§ **Work instructions**: Beginning at the top of the entries below, retype each line exactly until the line containing "Hi Vis Long Sleeve Gap Polo - Lime/Navy" has been written out; include no pictures and no later lines.

§ **Data listing**:
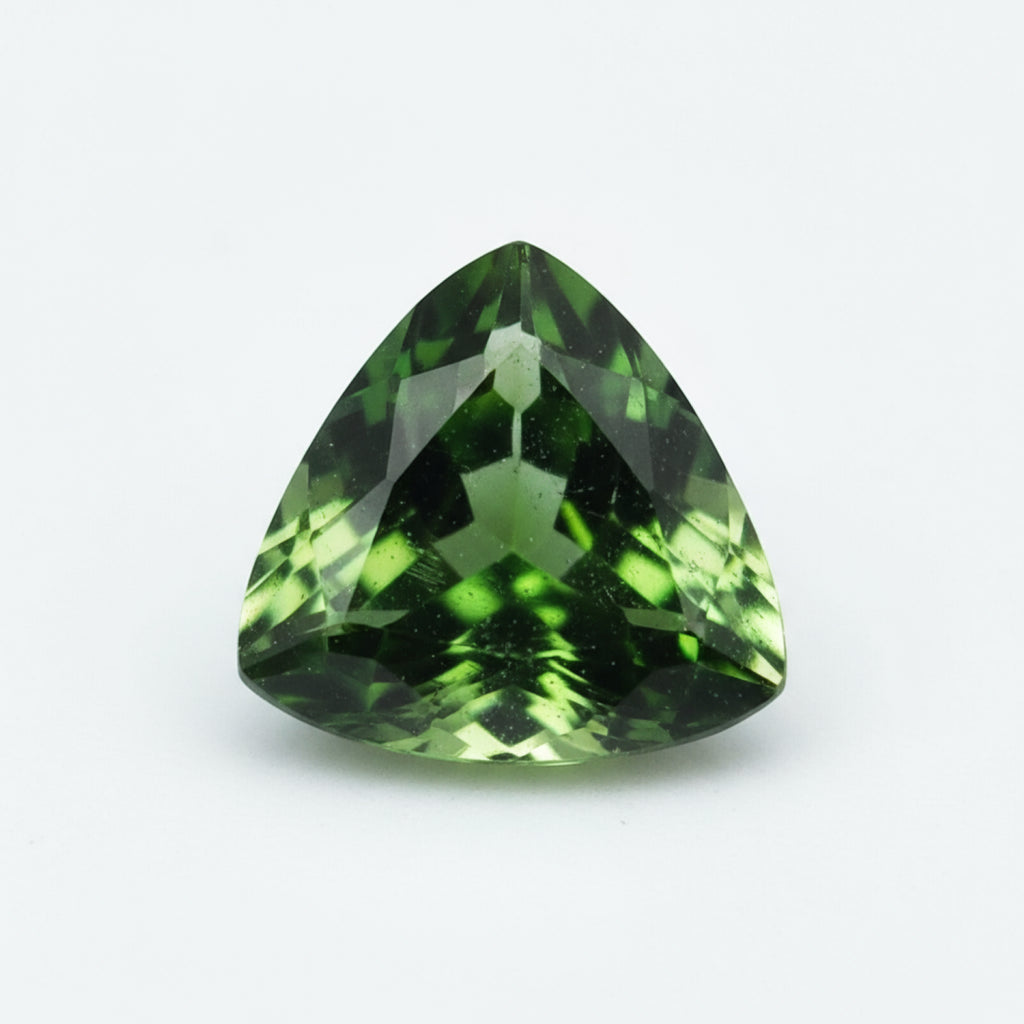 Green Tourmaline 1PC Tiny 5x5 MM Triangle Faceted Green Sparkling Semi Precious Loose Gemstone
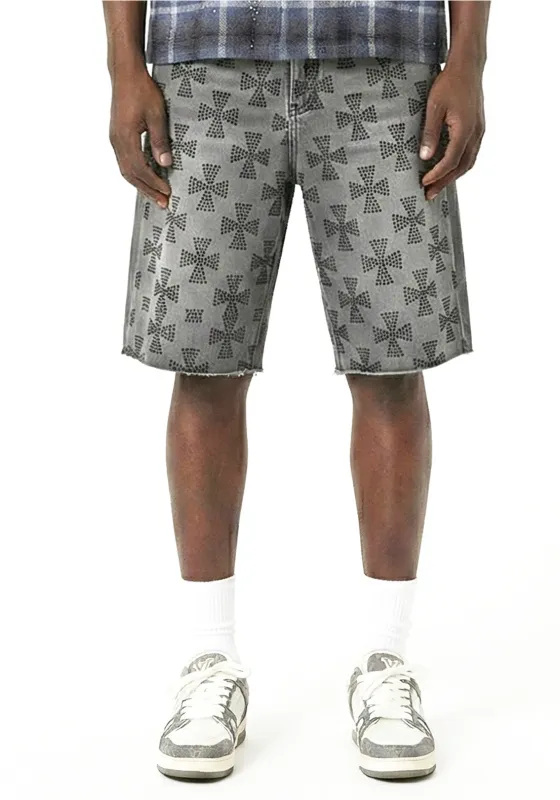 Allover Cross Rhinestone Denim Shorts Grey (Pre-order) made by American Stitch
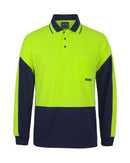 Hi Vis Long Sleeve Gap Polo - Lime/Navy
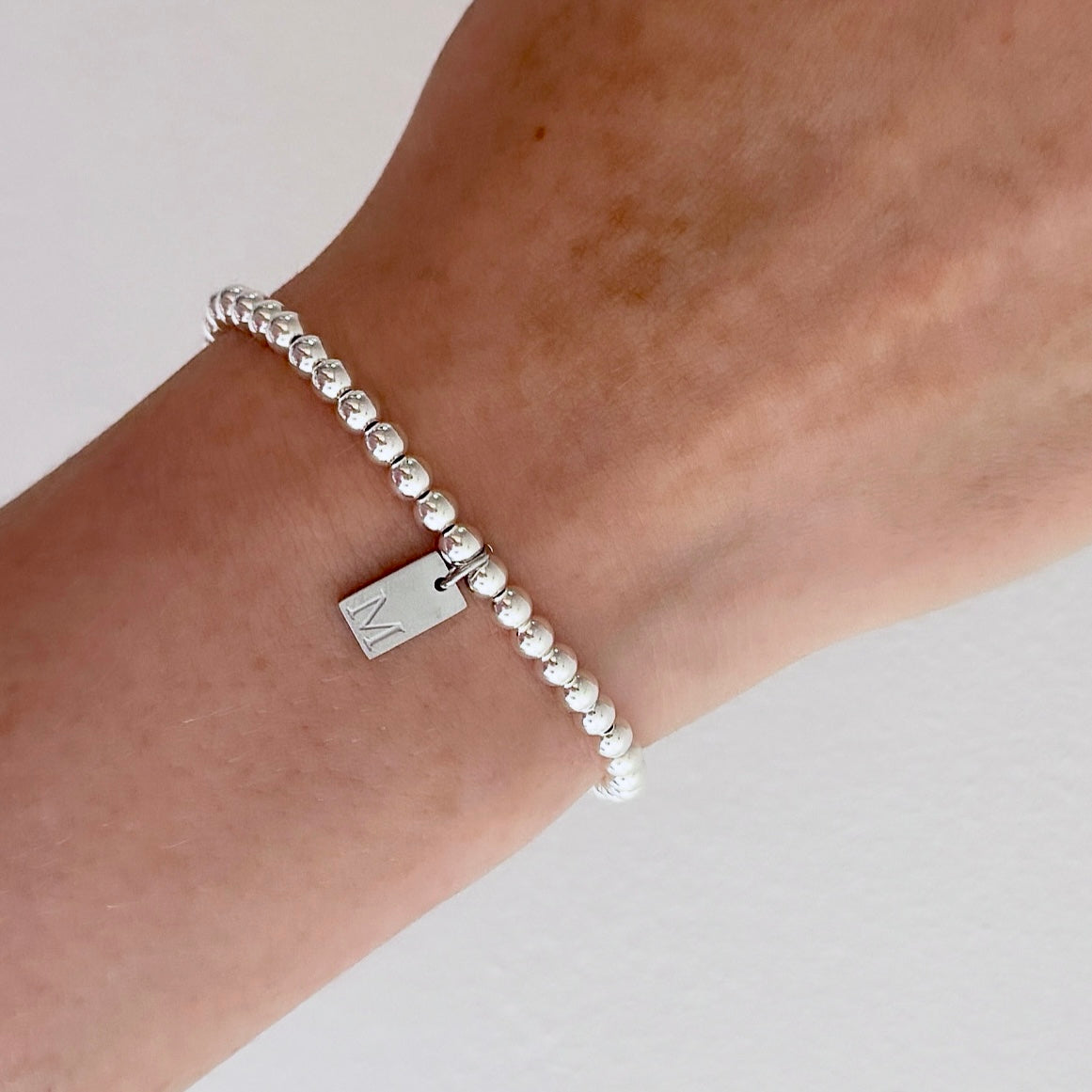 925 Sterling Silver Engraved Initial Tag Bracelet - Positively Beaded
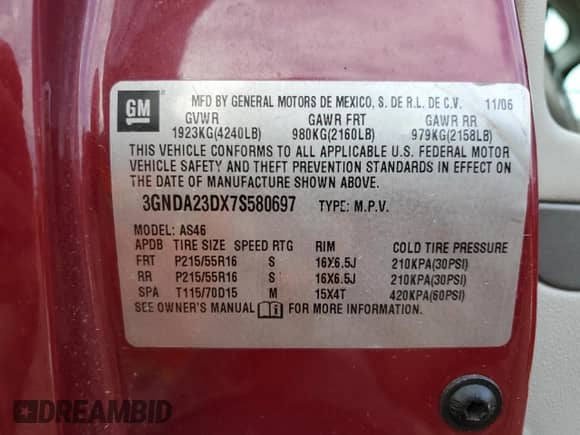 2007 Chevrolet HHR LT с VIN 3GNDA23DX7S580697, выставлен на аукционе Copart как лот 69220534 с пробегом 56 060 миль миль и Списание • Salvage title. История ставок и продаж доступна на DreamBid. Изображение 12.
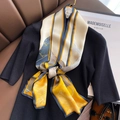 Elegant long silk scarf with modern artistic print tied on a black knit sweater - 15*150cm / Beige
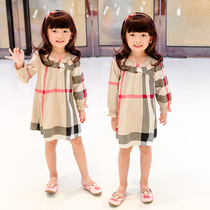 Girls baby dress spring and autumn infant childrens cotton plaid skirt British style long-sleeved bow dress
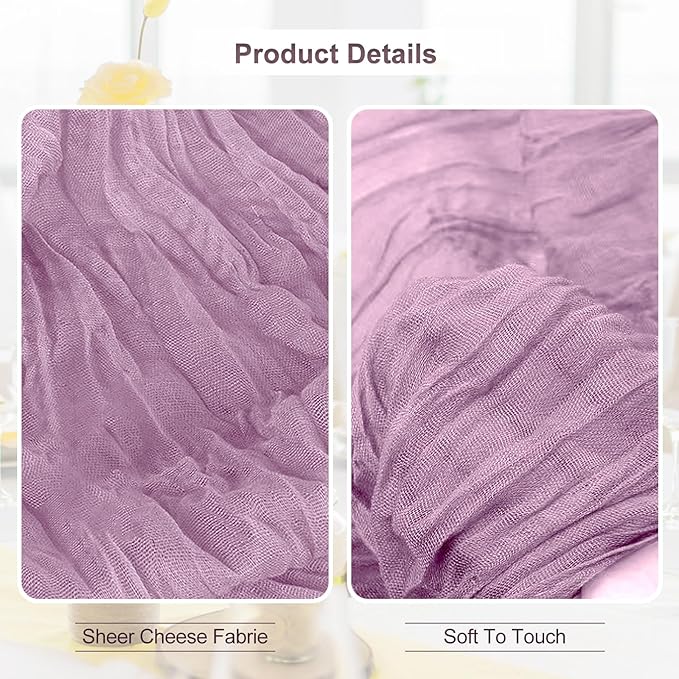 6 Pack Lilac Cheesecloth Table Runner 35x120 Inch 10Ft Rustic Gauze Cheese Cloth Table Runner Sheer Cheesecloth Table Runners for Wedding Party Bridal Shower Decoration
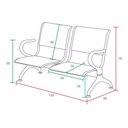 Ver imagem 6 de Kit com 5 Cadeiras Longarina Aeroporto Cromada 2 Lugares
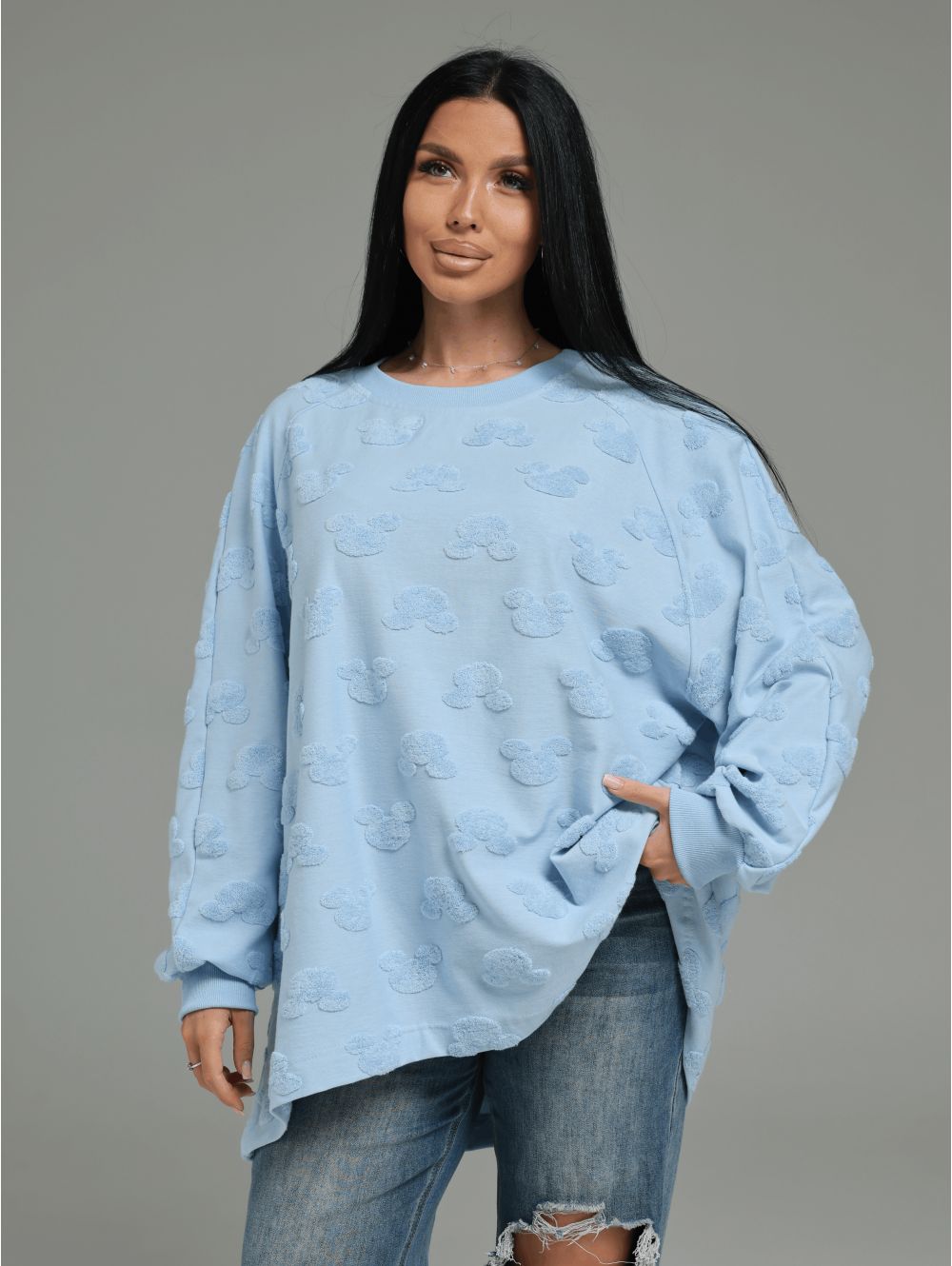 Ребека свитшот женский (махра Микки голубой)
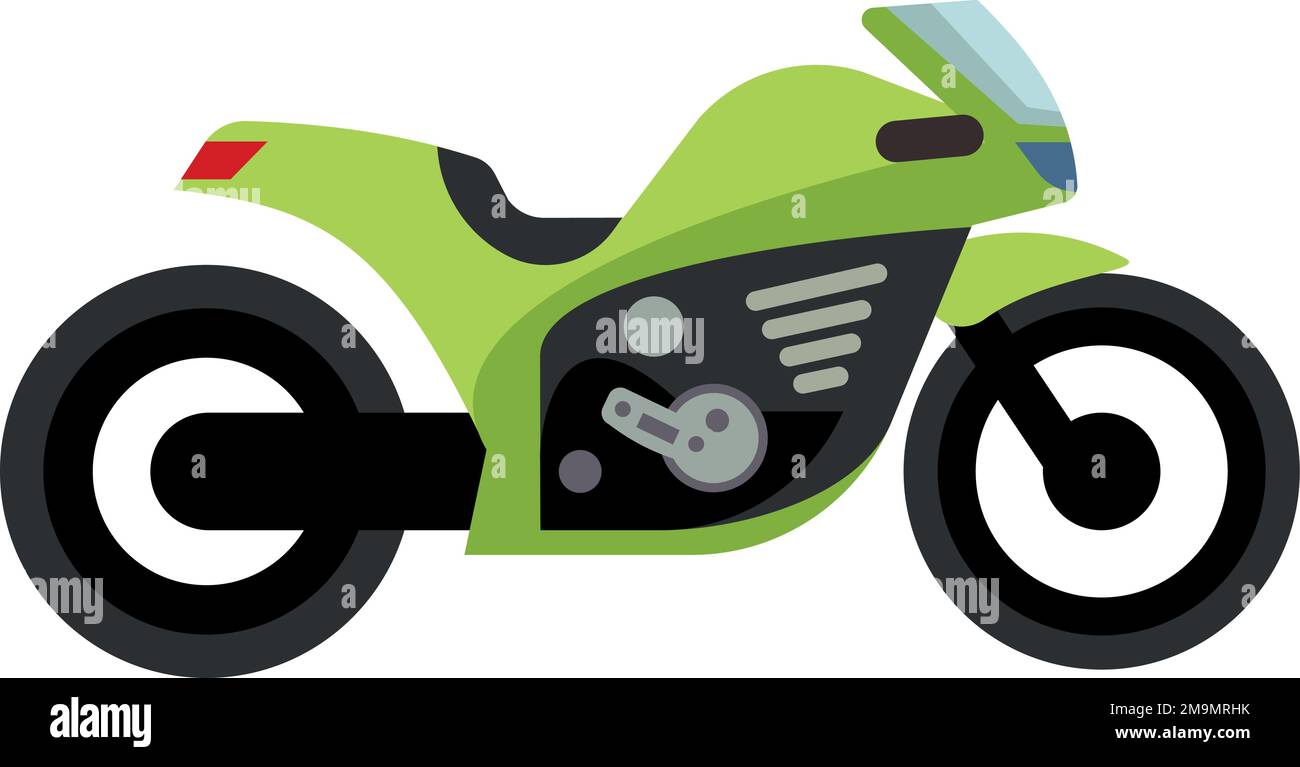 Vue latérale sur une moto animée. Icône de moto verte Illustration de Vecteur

§ **Exercise answer**:
 Green Tourmaline 1PC Tiny 5x5 MM Triangle Faceted Green Sparkling Semi Precious Loose Gemstone
 Allover Cross Rhinestone Denim Shorts Grey (Pre-order) made by American Stitch
 Hi Vis Long Sleeve Gap Polo - Lime/Navy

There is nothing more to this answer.